YOUR INSTRUCTIONS:
Restate every line below word for word, but drop each picture.
─── PROVIDED DATA ───
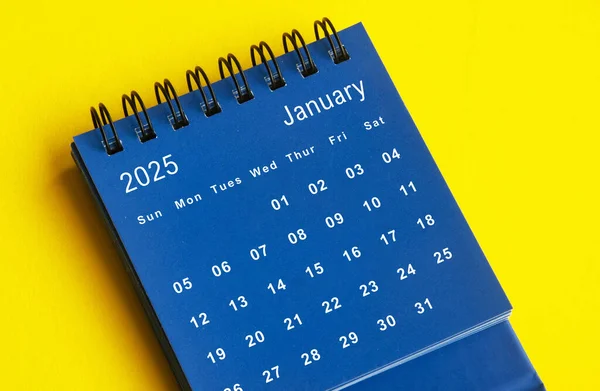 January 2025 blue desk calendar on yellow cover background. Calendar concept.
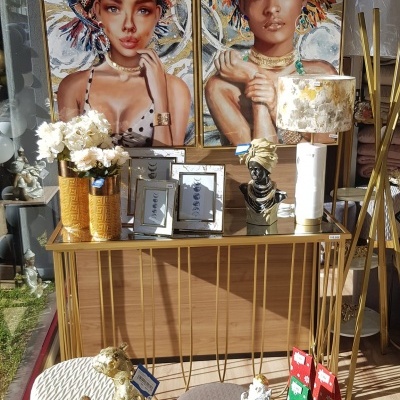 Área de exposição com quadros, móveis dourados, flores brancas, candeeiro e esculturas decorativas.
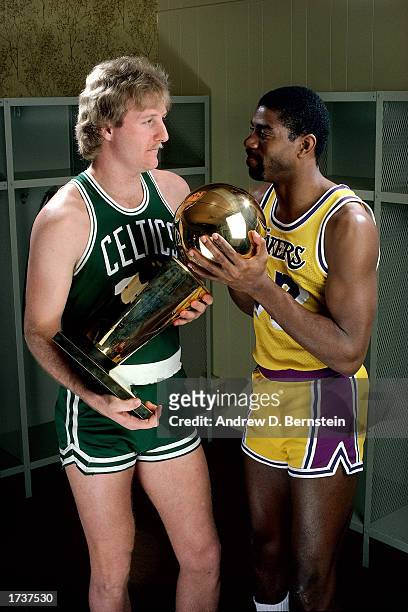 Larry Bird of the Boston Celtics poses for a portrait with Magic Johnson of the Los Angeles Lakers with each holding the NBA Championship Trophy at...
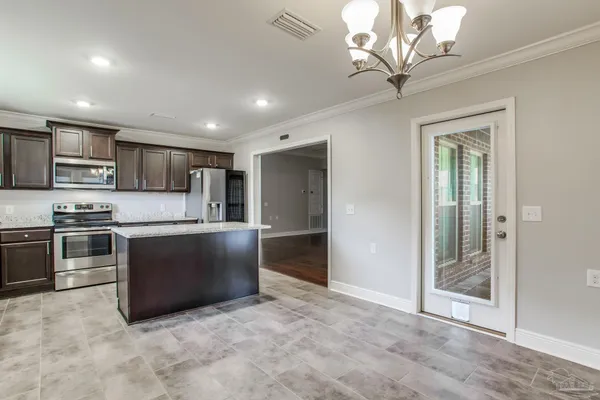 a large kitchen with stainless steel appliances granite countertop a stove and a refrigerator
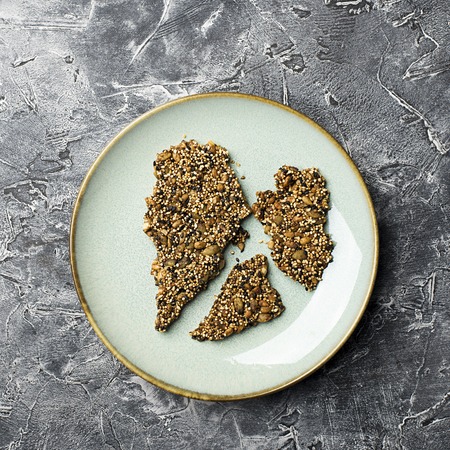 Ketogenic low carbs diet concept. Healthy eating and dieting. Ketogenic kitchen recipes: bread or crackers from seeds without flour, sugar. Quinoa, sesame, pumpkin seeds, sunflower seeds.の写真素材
───
SOLUTION BELOW:
 January 2025 blue desk calendar on yellow cover background. Calendar concept.
 Área de exposição com quadros, móveis dourados, flores brancas, candeeiro e esculturas decorativas.
 Larry Bird of the Boston Celtics poses for a portrait with Magic Johnson of the Los Angeles Lakers with each holding the NBA Championship Trophy at...
 a large kitchen with stainless steel appliances granite countertop a stove and a refrigerator
 Ketogenic low carbs diet concept. Healthy eating and dieting. Ketogenic kitchen recipes: bread or crackers from seeds without flour, sugar. Quinoa, sesame, pumpkin seeds, sunflower seeds.の写真素材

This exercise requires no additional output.